WHAT IS NEEDED >>
Could you give the data that follows again exactly, without its pictures?

RECORDS TO PROCESS section start

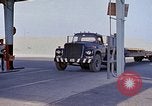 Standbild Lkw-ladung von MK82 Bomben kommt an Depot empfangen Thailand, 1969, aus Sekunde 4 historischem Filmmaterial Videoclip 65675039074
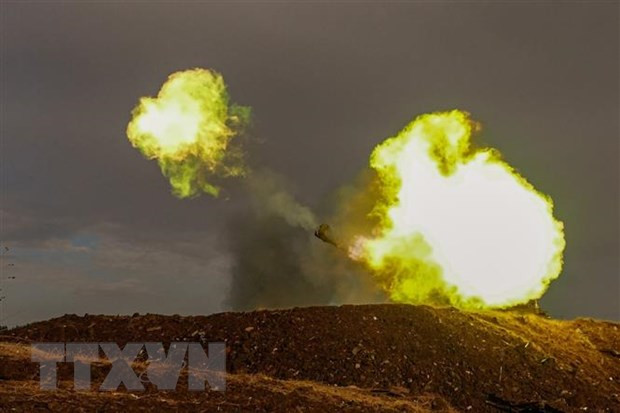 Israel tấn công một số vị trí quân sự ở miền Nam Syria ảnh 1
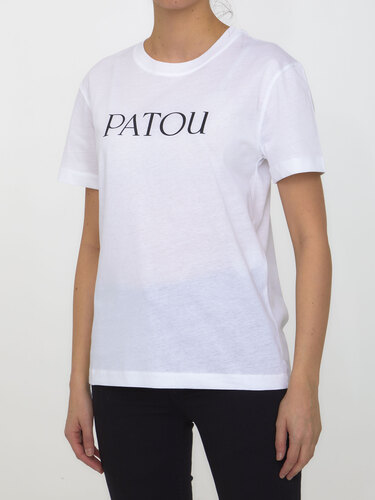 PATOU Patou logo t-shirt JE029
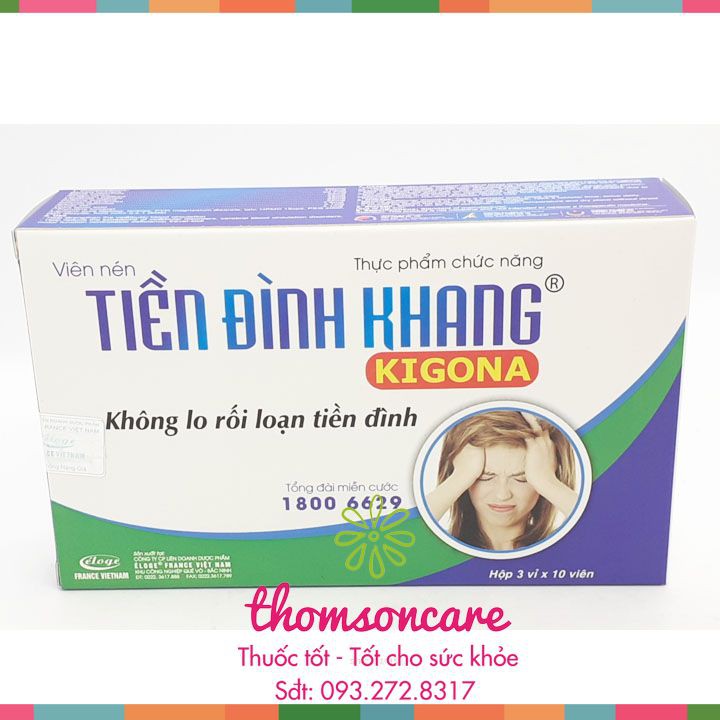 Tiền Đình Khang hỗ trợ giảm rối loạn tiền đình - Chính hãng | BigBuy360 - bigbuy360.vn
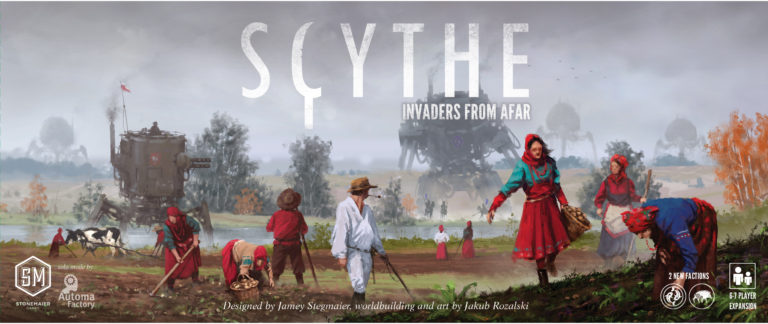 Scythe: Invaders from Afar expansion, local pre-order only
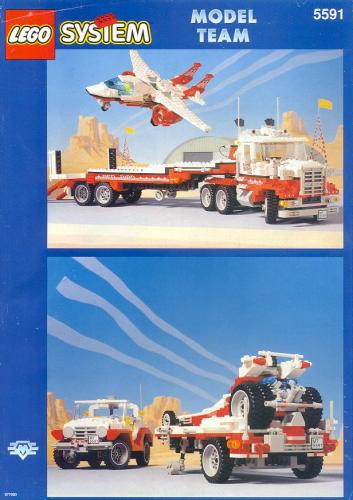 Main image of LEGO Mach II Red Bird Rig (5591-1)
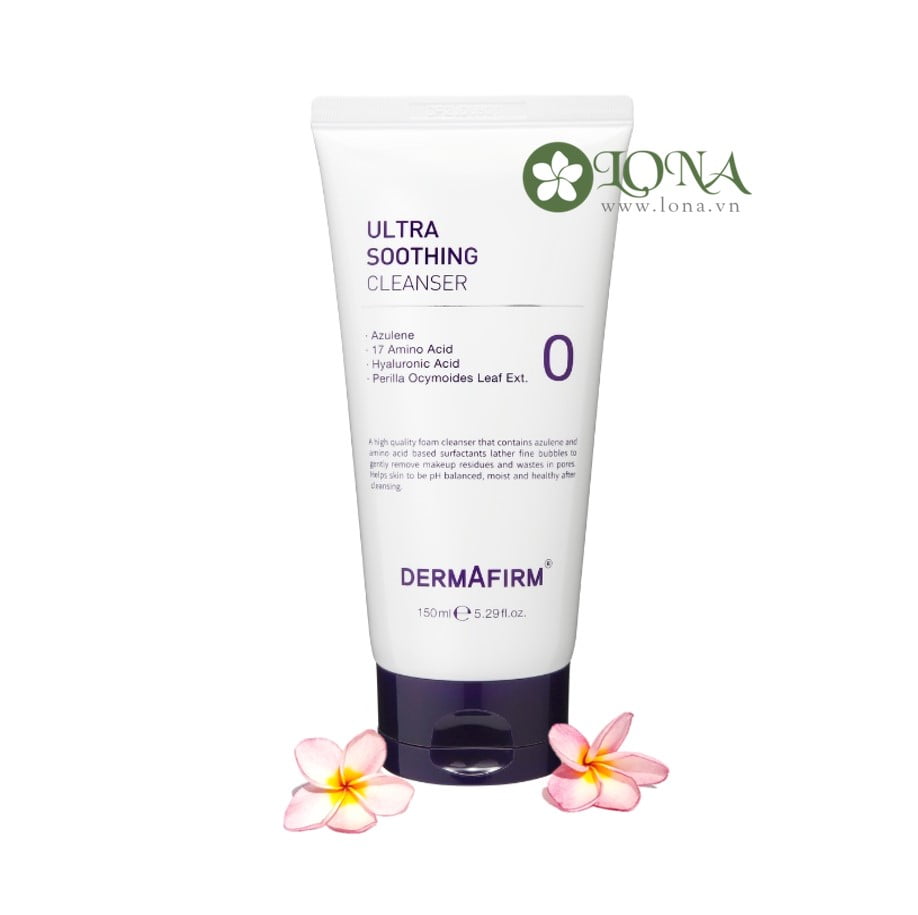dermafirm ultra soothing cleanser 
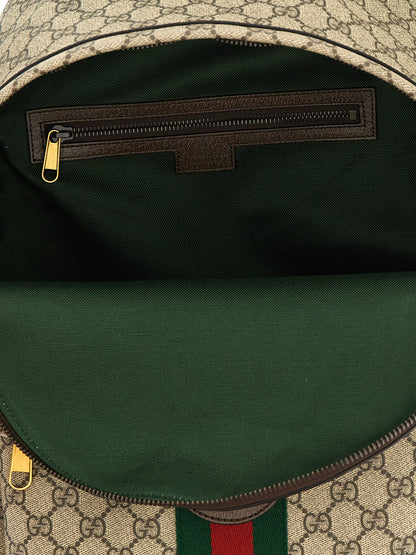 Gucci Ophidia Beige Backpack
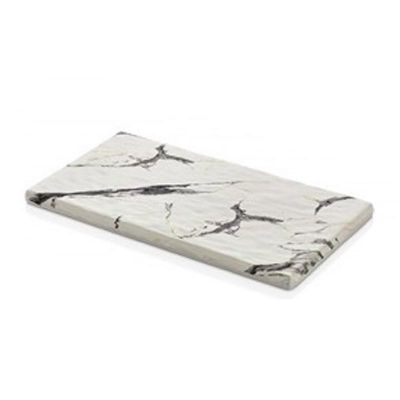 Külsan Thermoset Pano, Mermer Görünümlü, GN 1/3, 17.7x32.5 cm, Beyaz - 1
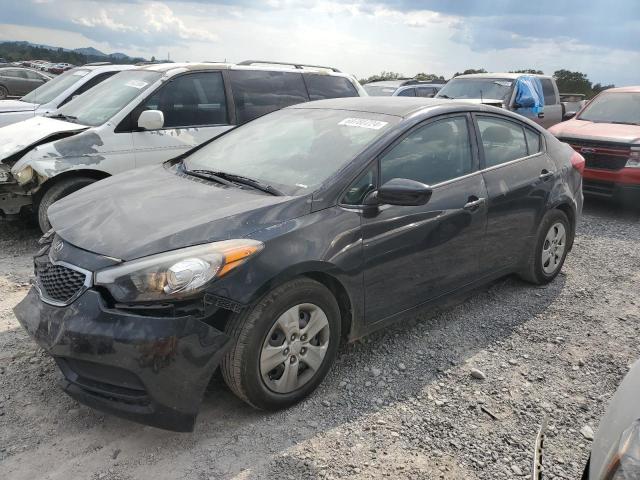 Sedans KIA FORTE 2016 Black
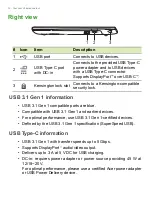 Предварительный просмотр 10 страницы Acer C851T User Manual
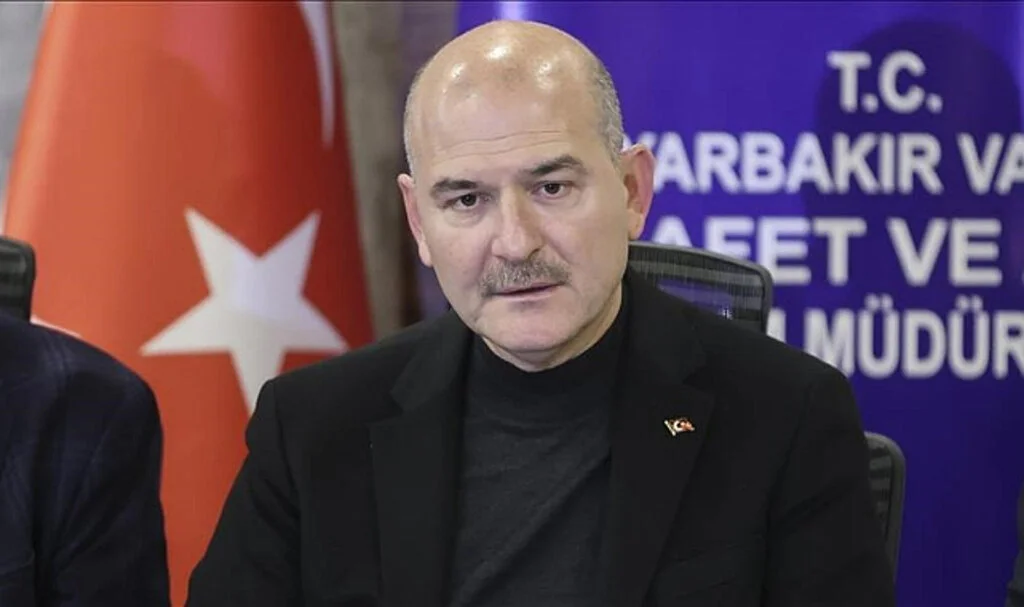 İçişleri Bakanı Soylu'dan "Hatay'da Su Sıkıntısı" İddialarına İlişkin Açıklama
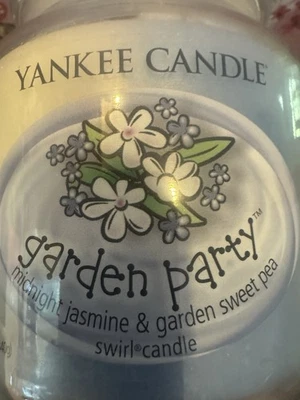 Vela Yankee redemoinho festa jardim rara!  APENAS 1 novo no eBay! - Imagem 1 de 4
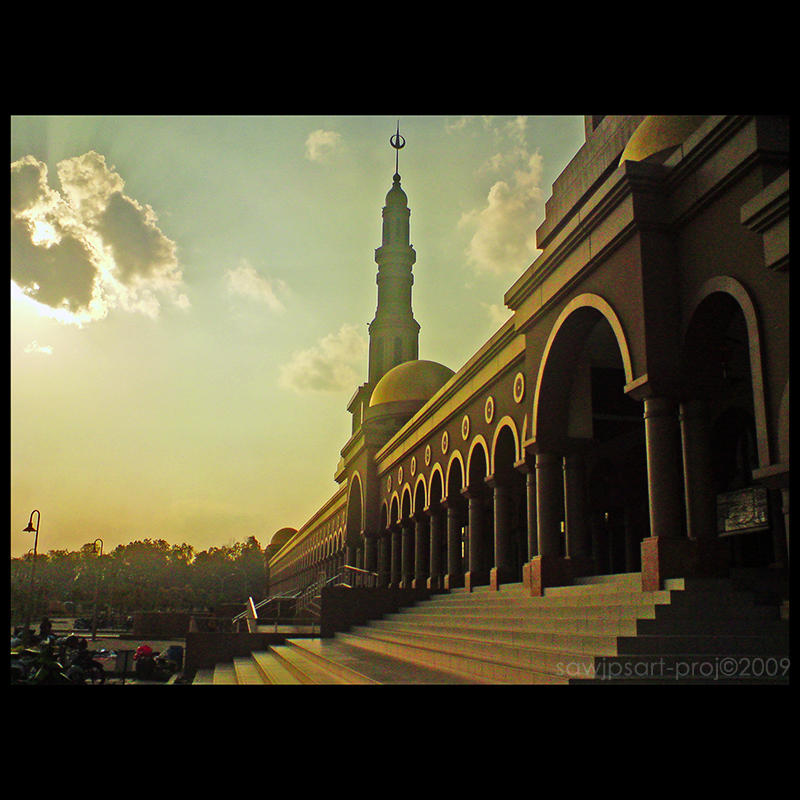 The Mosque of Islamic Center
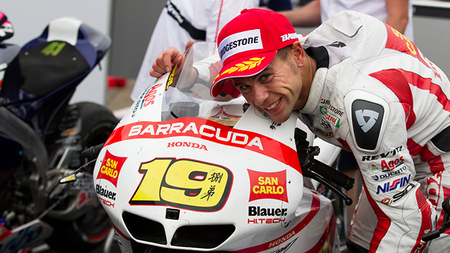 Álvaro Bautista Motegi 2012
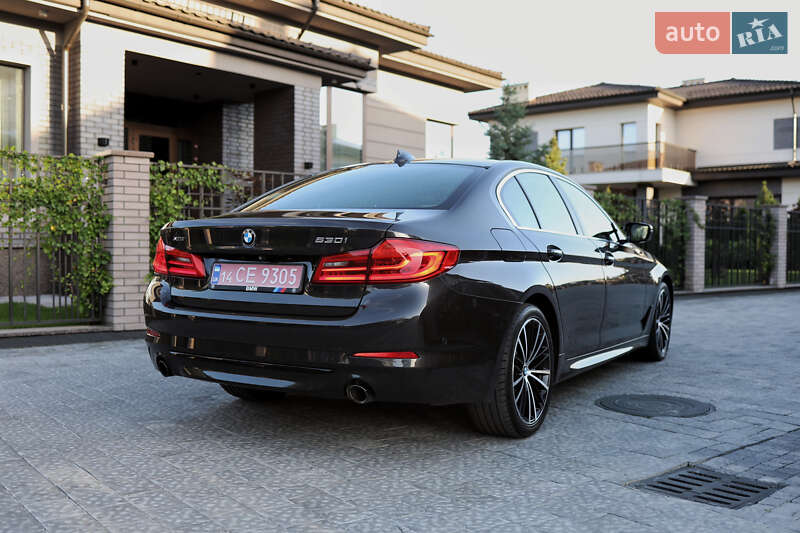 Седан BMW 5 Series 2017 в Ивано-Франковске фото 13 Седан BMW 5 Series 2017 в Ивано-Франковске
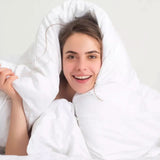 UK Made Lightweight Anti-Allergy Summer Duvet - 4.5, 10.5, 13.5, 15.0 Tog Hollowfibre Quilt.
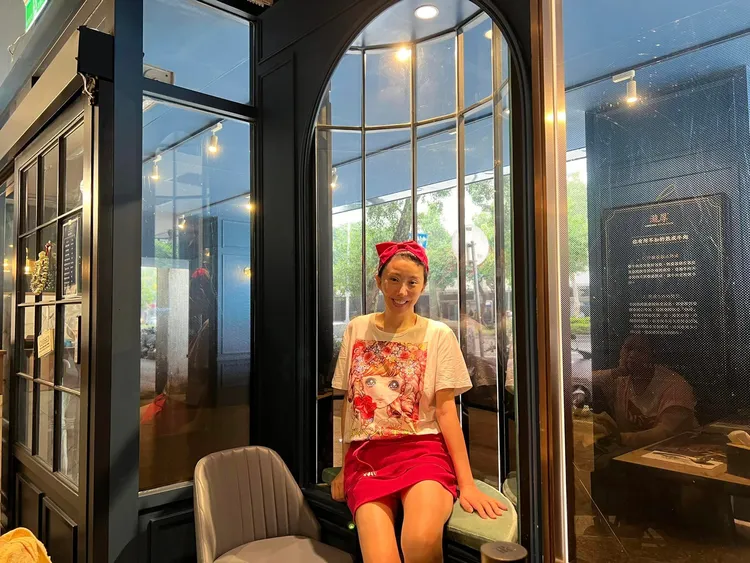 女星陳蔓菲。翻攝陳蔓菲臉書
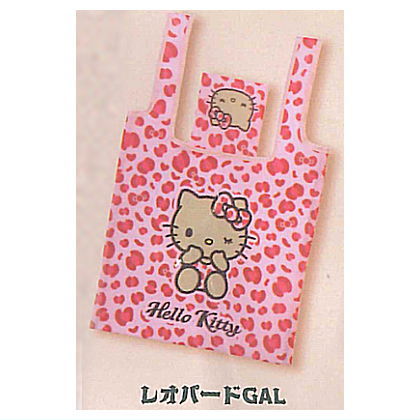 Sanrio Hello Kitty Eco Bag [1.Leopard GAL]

RECORDS TO PROCESS section end

PROBLEM SOLUTION >>
 Standbild Lkw-ladung von MK82 Bomben kommt an Depot empfangen Thailand, 1969, aus Sekunde 4 historischem Filmmaterial Videoclip 65675039074
 Israel tấn công một số vị trí quân sự ở miền Nam Syria ảnh 1
 PATOU Patou logo t-shirt JE029
 Tiền Đình Khang hỗ trợ giảm rối loạn tiền đình - Chính hãng | BigBuy360 - bigbuy360.vn
 Scythe: Invaders from Afar expansion, local pre-order only
 Main image of LEGO Mach II Red Bird Rig (5591-1)
dermafirm ultra soothing cleanser 
 Gucci Ophidia Beige Backpack
 Külsan Thermoset Pano, Mermer Görünümlü, GN 1/3, 17.7x32.5 cm, Beyaz - 1
 Sedans KIA FORTE 2016 Black
 Предварительный просмотр 10 страницы Acer C851T User Manual
 İçişleri Bakanı Soylu'dan "Hatay'da Su Sıkıntısı" İddialarına İlişkin Açıklama
 Vela Yankee redemoinho festa jardim rara!  APENAS 1 novo no eBay! - Imagem 1 de 4
 The Mosque of Islamic Center
 Álvaro Bautista Motegi 2012
 Седан BMW 5 Series 2017 в Ивано-Франковске фото 13 Седан BMW 5 Series 2017 в Ивано-Франковске
 UK Made Lightweight Anti-Allergy Summer Duvet - 4.5, 10.5, 13.5, 15.0 Tog Hollowfibre Quilt.
 女星陳蔓菲。翻攝陳蔓菲臉書
 Sanrio Hello Kitty Eco Bag [1.Leopard GAL]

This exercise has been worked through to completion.